Toward the end of his discussion of eugenics (Document B), G. Stanley Hall wrote of “the kingdom of some kind of superman” to which eugenics might lead. This remark foreshadowed the darkness of the Holocaust and reminds us that Hitler cited America’s eugenics movement and laws as a precedent.


Documents in this chapter are available separately by following the hyperlinks below:

A. Governor Samuel W. Pennypacker, Veto of Eugenics Law, March 30, 1905

B. G. Stanley Hall,  “Eugenics as a New Creed,” 1911

C. New York Times, “Pastors for Eugenics,” June 6, 1913

D. Supreme Court of Indiana, Judgment, November Term, 1920

E. Associate Justice Oliver Wendell Holmes, Buck v. Bell, May 2, 1927

F. “Better Baby Contest,” Indiana State Fair, 1931


Discussion Questions

A. Some proponents of eugenic sterilization argued that if vaccination was an acceptable public health measure, and compulsory vaccination legal, then compulsory sterilization should be as well. Does that argument make sense? What about the claim of Justice Holmes that if young men can be conscripted to fight and possibly die for their country, then compulsory sterilization should be acceptable? Is that a good argument for forced sterilization? In the last paragraph of his opinion, Justice Holmes addressed the question of equal treatment before the law. What was his argument? Was it a good argument? How did some Christians reconcile eugenics and the moral teachings of Christianity? What does the case of the eugenics movement in the United States tell us about the relationship between science and politics?

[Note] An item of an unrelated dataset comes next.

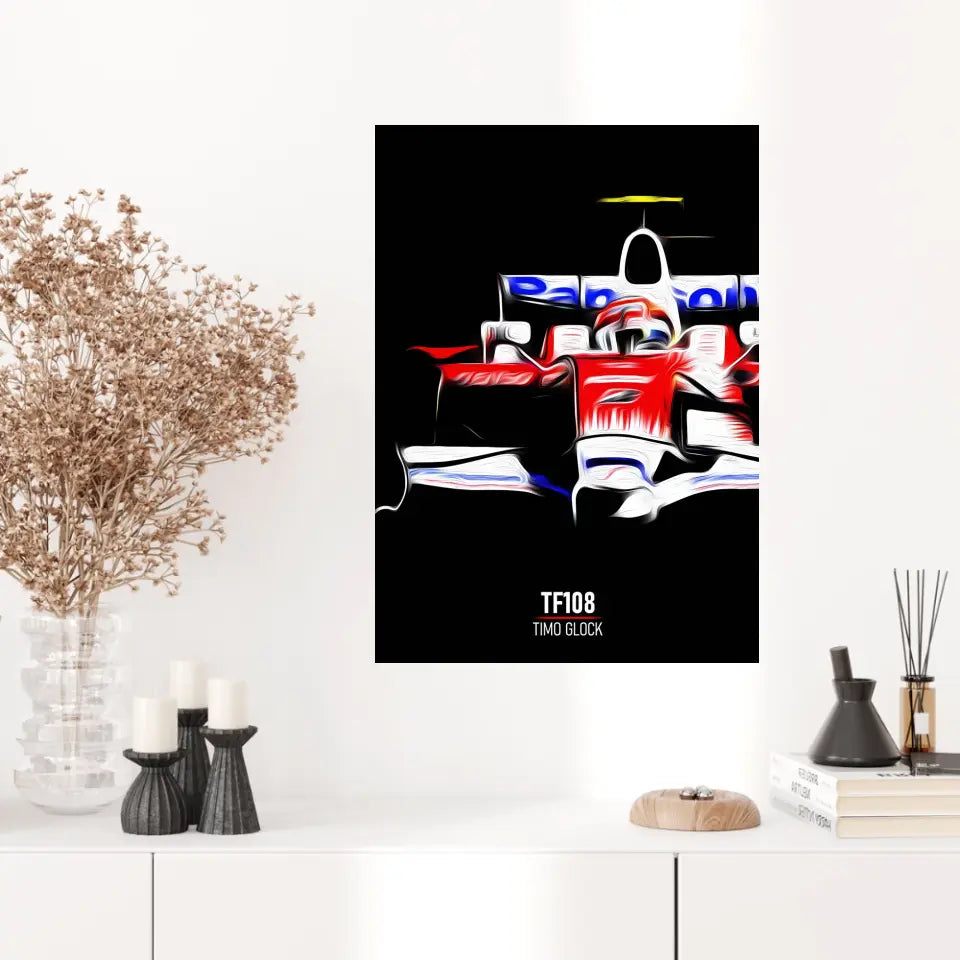 Affiche ou Tableau Toyota TF108 Timo Glock 2008 Formule 1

B. A leading progressive, Albert Beveridge, argued that human efforts could regenerate the world (see Chapter 20, Document B). Is there a connection between such views and the eugenics movement?

C. In what ways are the arguments about eugenics reminiscent of the arguments in favor of slavery in Volume 1, Chapters 12 and 15? How might either set of arguments be evaluated in light of the Declaration of Independence (Appendix A)?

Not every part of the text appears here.